Besides, preaching your message is like drinking hot sugar juice: although it burns the lips, it is too sweet to stop!
The sweetness is in seeing the devotional transformations in the hearts of people, big and small, who receive your mercy. By your desire alone, such miracles seem to take place on a daily basis throughout the world. I see them continuously, day after day, month after month, year after year. Once, after a huge festival in Durban, our guest of honor, South African President Nelson Mandela, put his hand on mine and with tears in his eyes said, “Maharaja, this is the greatest day of my life!”
Just last year, again near Durban, when myself and a group of devotees were passing through a tribal village in Kwazulu Natal, thousands of children began defiantly chanting, “Zulu, Zulu, Zulu,” in complete bodily consciousness. But when I picked up the mrdanga and started to sing the maha mantra, suddenly all of them began chanting Hare Krsna and dancing alongside me. What is this great miracle of the holy names you’ve given that makes the whole world dance in ecstacy?
On another occasion, Somaka das told me of his trip along the Amazon River, ten years after I had visited the region. During his journey, he saw a 20-year-old man in a remote village who, to his astonishment, was chanting japa under a tree. When Somaka inquired how he had come in touch with the maha mantra, he said he had received it and the japa beads from me during my Amazon sojourn. He said the chanting had changed his life for the better, and so he sat on the bank of the river every day waiting for me to return.
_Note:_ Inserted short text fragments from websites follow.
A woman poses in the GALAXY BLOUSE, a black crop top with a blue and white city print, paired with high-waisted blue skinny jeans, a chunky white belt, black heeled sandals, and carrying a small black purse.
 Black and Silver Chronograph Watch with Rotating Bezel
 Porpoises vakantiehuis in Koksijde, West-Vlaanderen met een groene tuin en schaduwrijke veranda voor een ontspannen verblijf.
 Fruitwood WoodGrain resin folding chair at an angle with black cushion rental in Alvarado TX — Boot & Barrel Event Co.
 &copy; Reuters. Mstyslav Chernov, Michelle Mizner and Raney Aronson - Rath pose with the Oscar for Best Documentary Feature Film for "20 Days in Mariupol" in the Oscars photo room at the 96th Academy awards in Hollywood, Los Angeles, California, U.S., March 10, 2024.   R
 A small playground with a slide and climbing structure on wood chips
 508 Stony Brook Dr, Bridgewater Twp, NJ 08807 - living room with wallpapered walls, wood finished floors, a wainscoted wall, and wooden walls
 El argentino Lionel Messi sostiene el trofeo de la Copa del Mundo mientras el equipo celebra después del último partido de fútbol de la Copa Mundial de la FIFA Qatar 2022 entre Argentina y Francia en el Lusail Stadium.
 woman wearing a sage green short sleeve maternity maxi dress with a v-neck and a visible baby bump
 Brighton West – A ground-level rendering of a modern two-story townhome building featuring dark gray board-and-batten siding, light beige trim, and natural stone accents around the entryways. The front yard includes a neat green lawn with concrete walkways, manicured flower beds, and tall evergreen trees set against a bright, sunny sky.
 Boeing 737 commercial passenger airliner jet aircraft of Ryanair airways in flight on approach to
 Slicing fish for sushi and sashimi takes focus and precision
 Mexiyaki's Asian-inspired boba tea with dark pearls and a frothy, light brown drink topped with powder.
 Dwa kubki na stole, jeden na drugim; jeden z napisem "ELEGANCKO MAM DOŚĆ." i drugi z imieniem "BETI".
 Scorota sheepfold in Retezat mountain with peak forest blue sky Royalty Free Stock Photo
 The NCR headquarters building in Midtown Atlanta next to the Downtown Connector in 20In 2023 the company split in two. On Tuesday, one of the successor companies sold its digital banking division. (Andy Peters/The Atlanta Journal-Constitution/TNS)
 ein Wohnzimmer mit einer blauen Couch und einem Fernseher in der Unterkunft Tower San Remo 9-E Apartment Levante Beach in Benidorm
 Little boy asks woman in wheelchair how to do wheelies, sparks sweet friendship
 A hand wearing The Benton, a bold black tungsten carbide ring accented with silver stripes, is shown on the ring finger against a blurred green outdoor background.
Srila Prabhupada, your mercy has inundated even the most remote corners of the earth!
Then, miracle of miracles as I witnessed a crowd of 350,000 young people at the Woodstock festival in Poland three years ago enthusiastically and continuously chant the maha mantra as Sri Prahlad and his band played on the main stage. No doubt the tumultuous sound created by the crowd’s chanting and the huge cloud of dust raised by their dancing inundated Svargaloka, causing the demigods to stand motionless in astonishment of your glorious accomplishments.
Certainly there are many more miracles to be witnessed by those who give their lives to your sankirtan mission, Srila Prabhupada. Please include me in whatever plans you have for such preaching from this day forth. Having tasted the nectar of spreading the glories of the holy name, I can never return to the burnt remnants of the so-called pleasures of this material world.
As far as my retirement is concerned, I pray to follow in your footsteps, my glorious master. May I retire from preaching only when I have breathed the last breath allocated to this body. And if it pleases you, let that be only a temporary respite, for I am prepared to serve your sankirtan movement birth after birth.